§ Input material:
....
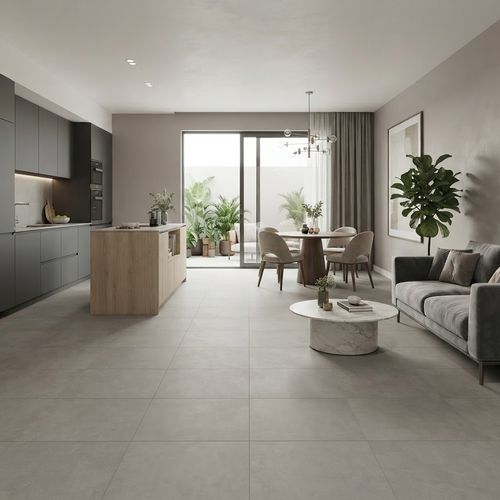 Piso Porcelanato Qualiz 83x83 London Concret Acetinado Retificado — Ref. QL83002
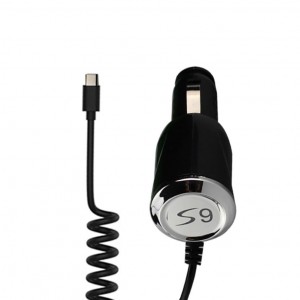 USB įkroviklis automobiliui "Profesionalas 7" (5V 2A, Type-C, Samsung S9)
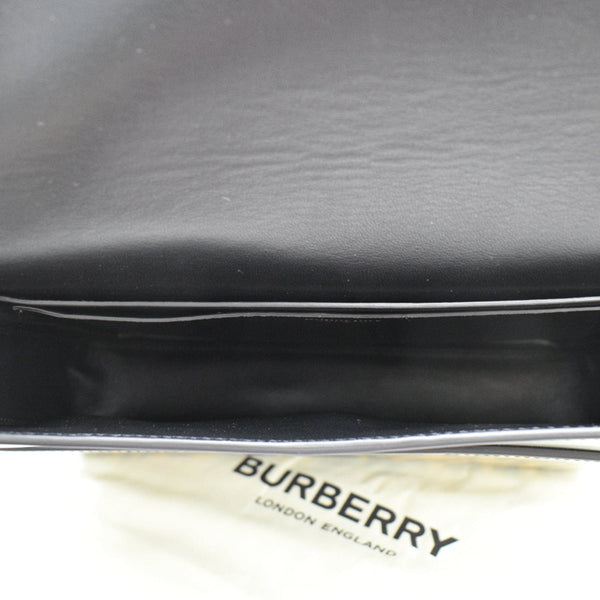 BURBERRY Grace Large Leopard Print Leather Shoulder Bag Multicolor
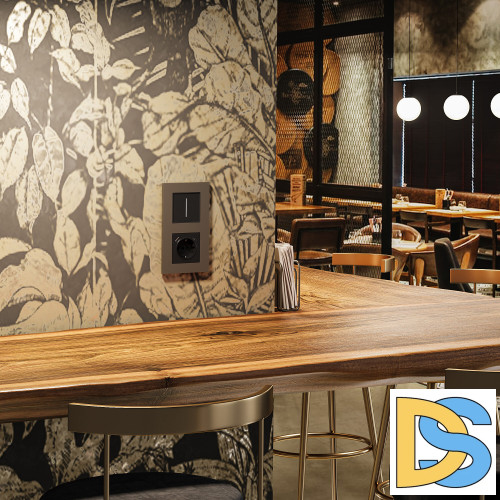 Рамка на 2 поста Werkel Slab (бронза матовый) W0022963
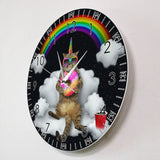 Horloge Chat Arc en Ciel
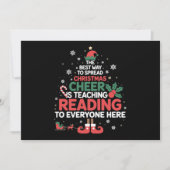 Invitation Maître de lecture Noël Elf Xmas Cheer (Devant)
....
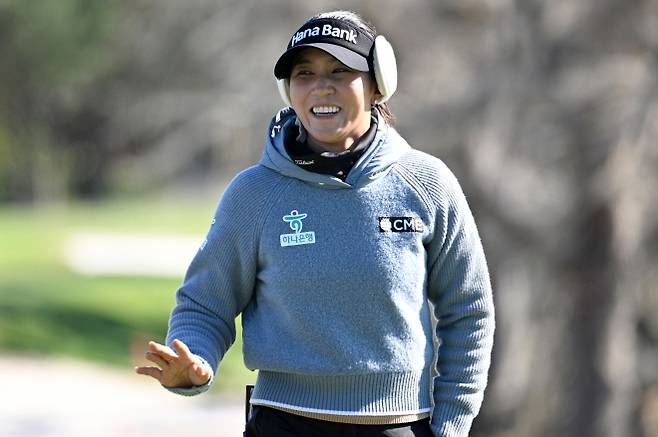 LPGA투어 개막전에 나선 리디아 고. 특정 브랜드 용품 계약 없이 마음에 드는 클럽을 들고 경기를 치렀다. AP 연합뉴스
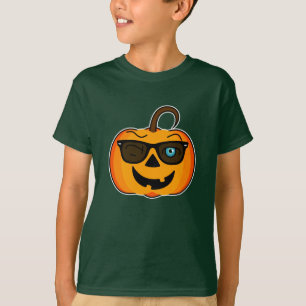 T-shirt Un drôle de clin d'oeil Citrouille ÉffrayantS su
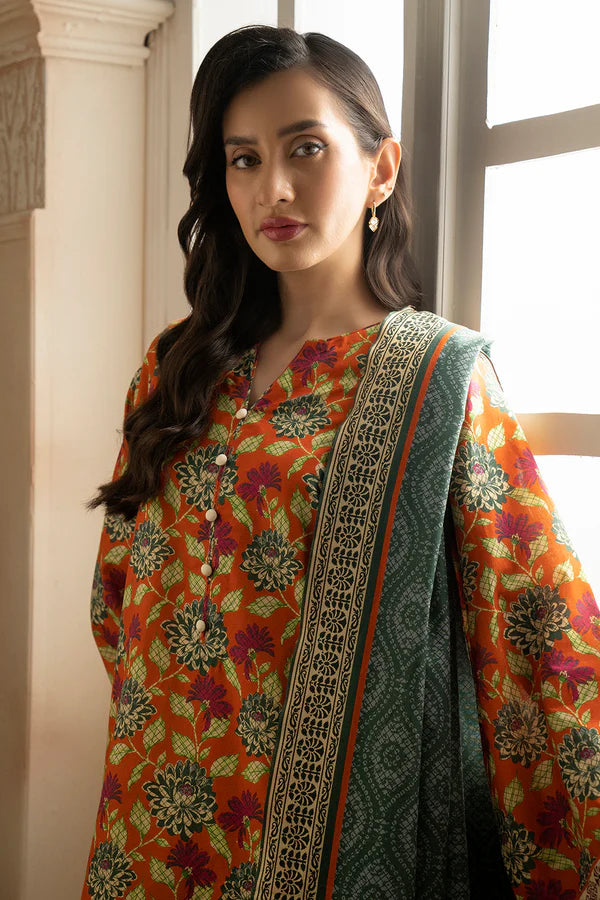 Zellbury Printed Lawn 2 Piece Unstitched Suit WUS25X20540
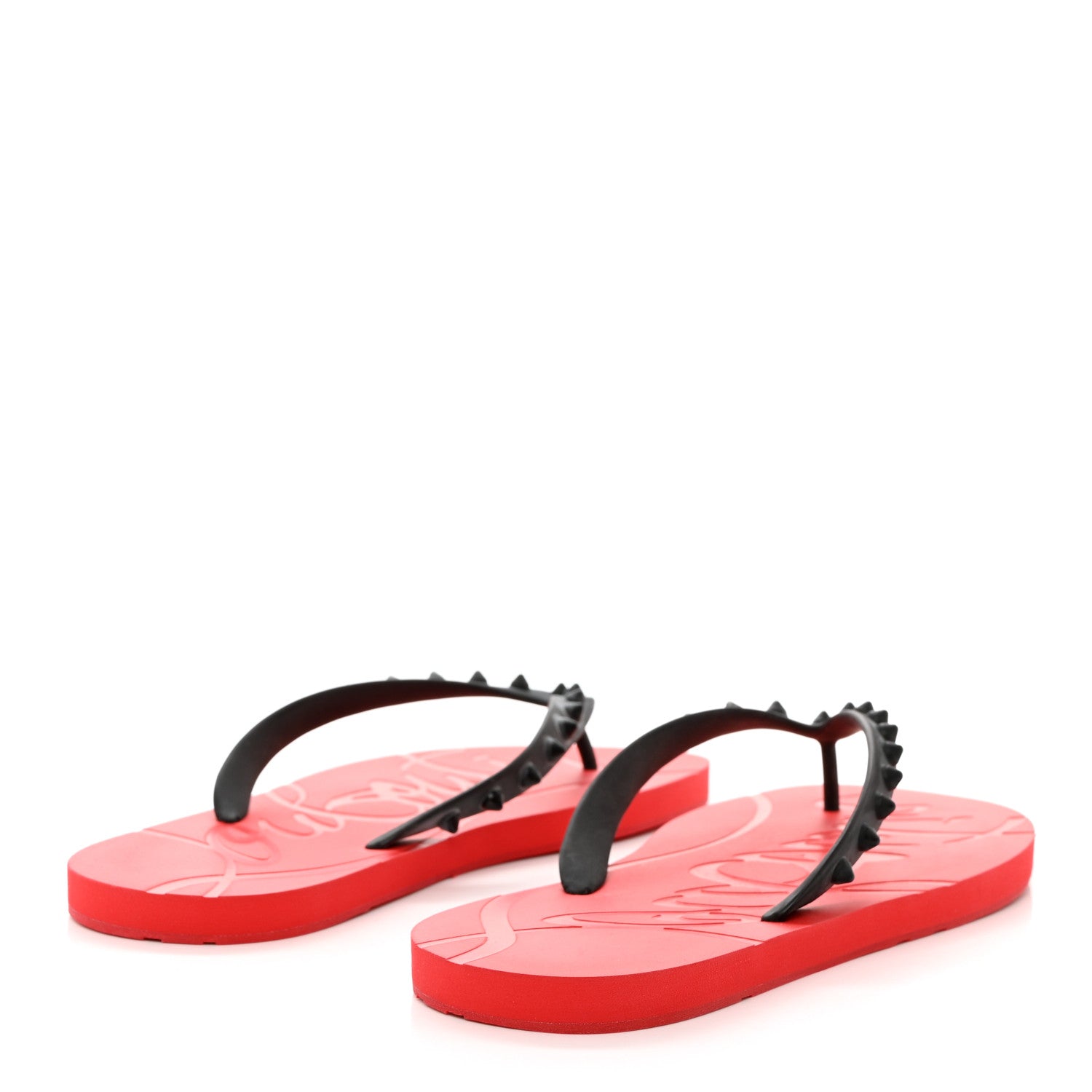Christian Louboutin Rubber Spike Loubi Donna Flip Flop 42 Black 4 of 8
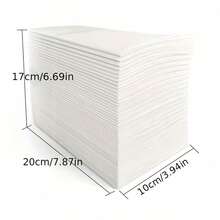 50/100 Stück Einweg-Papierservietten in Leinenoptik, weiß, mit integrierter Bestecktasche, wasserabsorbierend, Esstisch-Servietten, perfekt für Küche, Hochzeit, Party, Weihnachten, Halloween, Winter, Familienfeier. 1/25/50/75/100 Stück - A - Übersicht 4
....
§ Exercise requirements: Would you please repeat only the lines above, beginning at the one that has "BURBERRY Grace Large" and stopping after the one that has "Invitation Maître de", exactly and with no pictures?

§ Your solution:
 BURBERRY Grace Large Leopard Print Leather Shoulder Bag Multicolor
 Рамка на 2 поста Werkel Slab (бронза матовый) W0022963
 Horloge Chat Arc en Ciel
 Invitation Maître de lecture Noël Elf Xmas Cheer (Devant)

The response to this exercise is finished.